The required answer is the data below, restated word for word with images omitted.

-- DATA PROVIDED --
=== Section Start ===

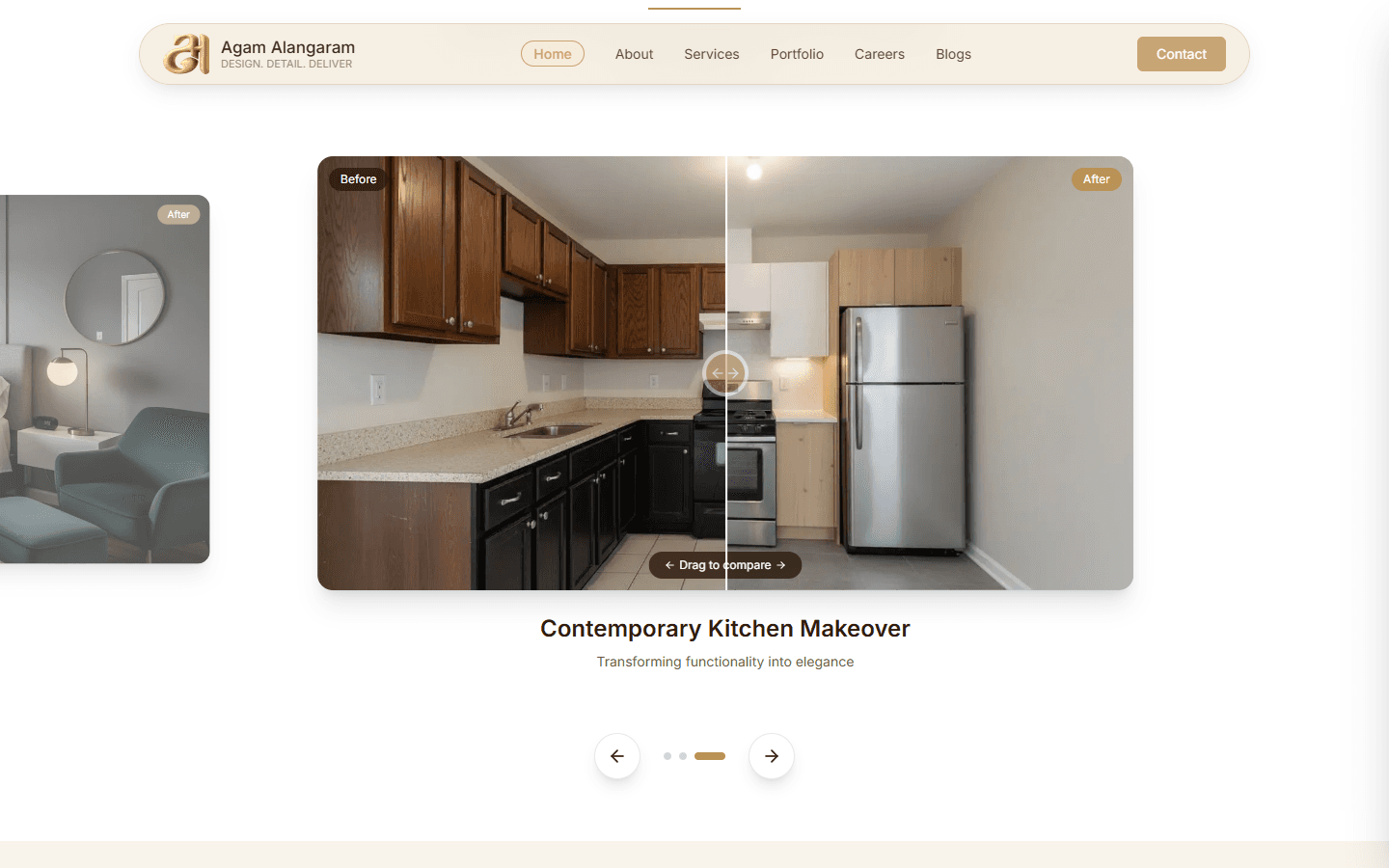 Agam Alangaram before and after slider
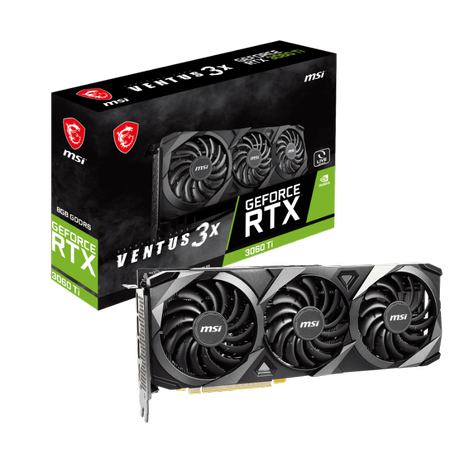 MSI GeForce RTX 3060 Ti VENTUS 3X 8GB 256Bit GDDR6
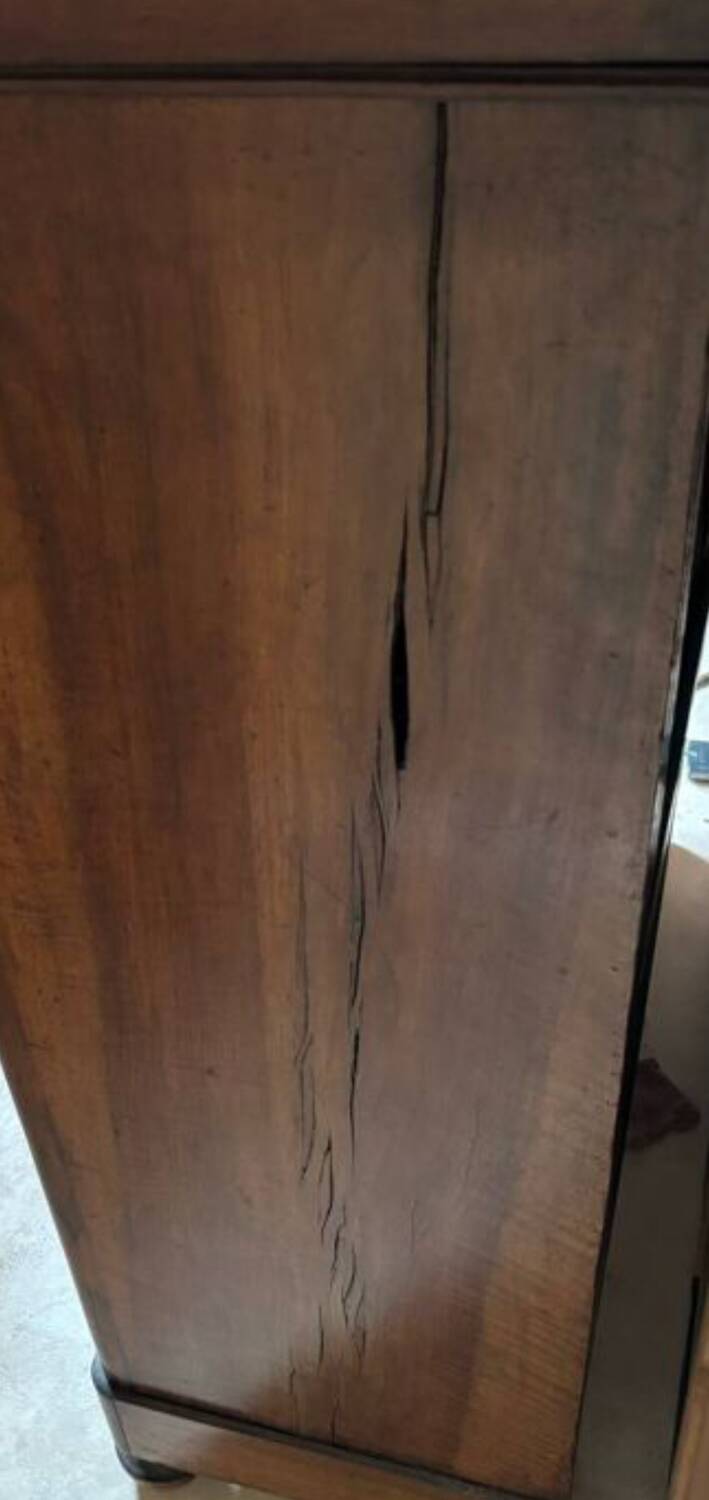 Empire or Louis Philippe period walnut secretary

=== Section End ===

-- THE COMPLETED TASK --
 Agam Alangaram before and after slider
 MSI GeForce RTX 3060 Ti VENTUS 3X 8GB 256Bit GDDR6
 Empire or Louis Philippe period walnut secretary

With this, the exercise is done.